Single by Tom Browne

from the album Magic
- B-side: "Dreams of Lovin' You" (7"); "Funkin' for Jamaica (N.Y.)" (12");
- Released: 1980
- Recorded: 1980
- Genre: Funk, Boogie
- Length: 4:34
- Label: Arista
- Songwriter(s): Tom Browne, Toni Smith
- Producer(s): Dave Grusin Larry Rosen

= Thighs High (Grip Your Hips and Move) =

"Thighs High (Grip Your Hips and Move)" is a 1980 single by jazz trumpeter, Tom Browne. The single is from his third solo album, Magic. The vocals for the single were provided by Toni Smith, who also helped compose the song. The song hit #4 on Billboard's Hot Soul Singles chart. On the US dance chart, "Thighs High" peaked at #25.

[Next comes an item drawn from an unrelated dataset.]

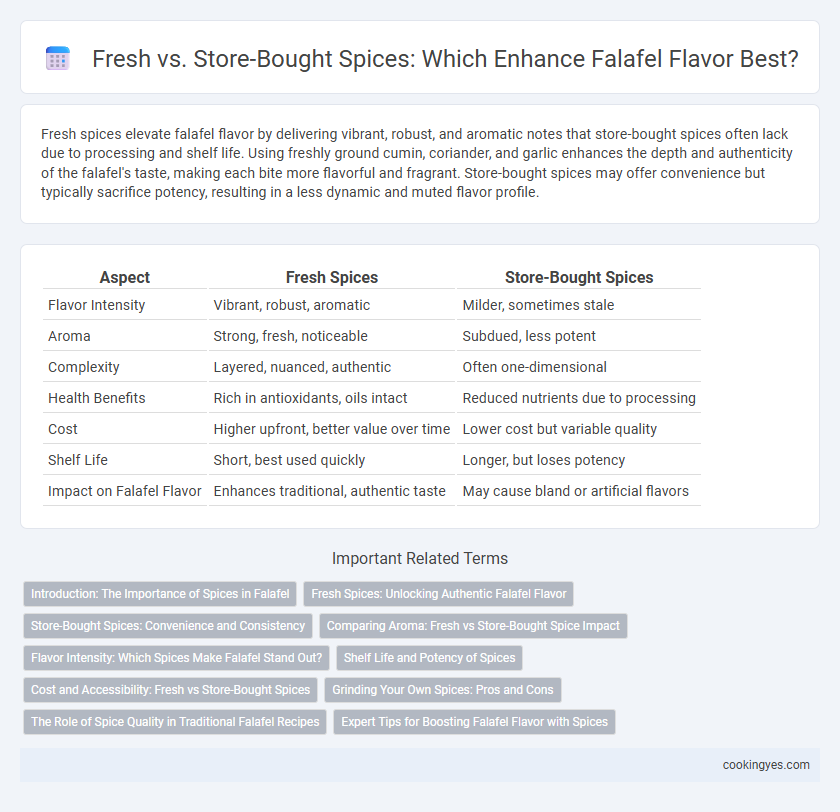 Fresh vs. Store-Bought Spices: Which Enhance Falafel Flavor Best?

In 1995, French pianist Alex Bugnon covered the song from his album "Tales from the Bright Side."

The song was sampled by rapper Coolio on his 1995 song "1, 2, 3, 4 (Sumpin' New)".

In 1981 the British group the Evasions released a hit song titled "Wikka Wrap". Though the song is a parody of UK broadcaster Alan Whicker, it samples "Thighs High", along with "Funkin' for Jamaica (N.Y.)" (also by Browne).